Naast de inhoudelijke elementen die reeds door de Jury in eerste aanleg werden weerhouden om tot dit besluit te komen, wenst de Jury in hoger beroep met name te benadrukken dat in casu geen sprake is van een voor de gemiddelde consument duidelijk als dusdanig herkenbare overdreven visualisering van de werkelijkheid, maar dat het hier gaat om een betere voorstelling van wat in werkelijkheid het geval is die, rekening houdend met de gehele context van de reclames, van aard is om door de gemiddelde consument letterlijk te worden genomen.
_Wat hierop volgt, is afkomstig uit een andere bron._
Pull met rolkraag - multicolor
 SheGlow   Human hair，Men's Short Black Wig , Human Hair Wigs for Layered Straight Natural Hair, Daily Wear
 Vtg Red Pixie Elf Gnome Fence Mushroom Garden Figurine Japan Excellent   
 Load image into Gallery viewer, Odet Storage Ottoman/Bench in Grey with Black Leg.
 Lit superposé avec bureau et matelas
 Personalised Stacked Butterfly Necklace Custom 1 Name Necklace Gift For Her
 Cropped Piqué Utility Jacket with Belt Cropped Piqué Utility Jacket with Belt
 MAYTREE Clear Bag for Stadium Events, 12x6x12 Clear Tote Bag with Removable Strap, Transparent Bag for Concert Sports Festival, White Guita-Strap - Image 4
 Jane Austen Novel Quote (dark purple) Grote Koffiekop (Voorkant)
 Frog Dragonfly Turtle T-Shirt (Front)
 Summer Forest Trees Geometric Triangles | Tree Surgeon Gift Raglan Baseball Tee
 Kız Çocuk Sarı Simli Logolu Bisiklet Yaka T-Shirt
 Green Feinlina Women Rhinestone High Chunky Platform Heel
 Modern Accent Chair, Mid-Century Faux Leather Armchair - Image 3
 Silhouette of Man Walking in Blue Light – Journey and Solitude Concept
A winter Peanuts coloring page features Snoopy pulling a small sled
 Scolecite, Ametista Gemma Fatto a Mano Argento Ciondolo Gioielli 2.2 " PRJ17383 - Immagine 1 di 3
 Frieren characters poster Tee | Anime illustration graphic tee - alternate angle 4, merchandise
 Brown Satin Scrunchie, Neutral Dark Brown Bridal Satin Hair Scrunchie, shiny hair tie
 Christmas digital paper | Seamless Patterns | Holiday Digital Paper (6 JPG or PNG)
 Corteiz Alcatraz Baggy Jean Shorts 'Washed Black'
In die zin wordt naar het oordeel van de Jury in casu wel degelijk het specifieke verwachtingspatroon gecreëerd dat de producten in een kopje of een glas zullen worden geserveerd, in tegenstelling tot wat gebruikelijk kan worden verwacht in een fastfood restaurant.

De Jury in hoger beroep verklaart derhalve het hoger beroep ongegrond en bevestigt de beslissing van de Jury in eerste aanleg.

De Jury in hoger beroep heeft de adverteerder derhalve op basis van de artikels 3 en 5 van de Code van de Internationale Kamer van Koophandel verzocht om deze reclame te wijzigen of bij gebreke daaraan deze niet meer te verspreiden.

De beslissing van de Jury in hoger beroep is definitief.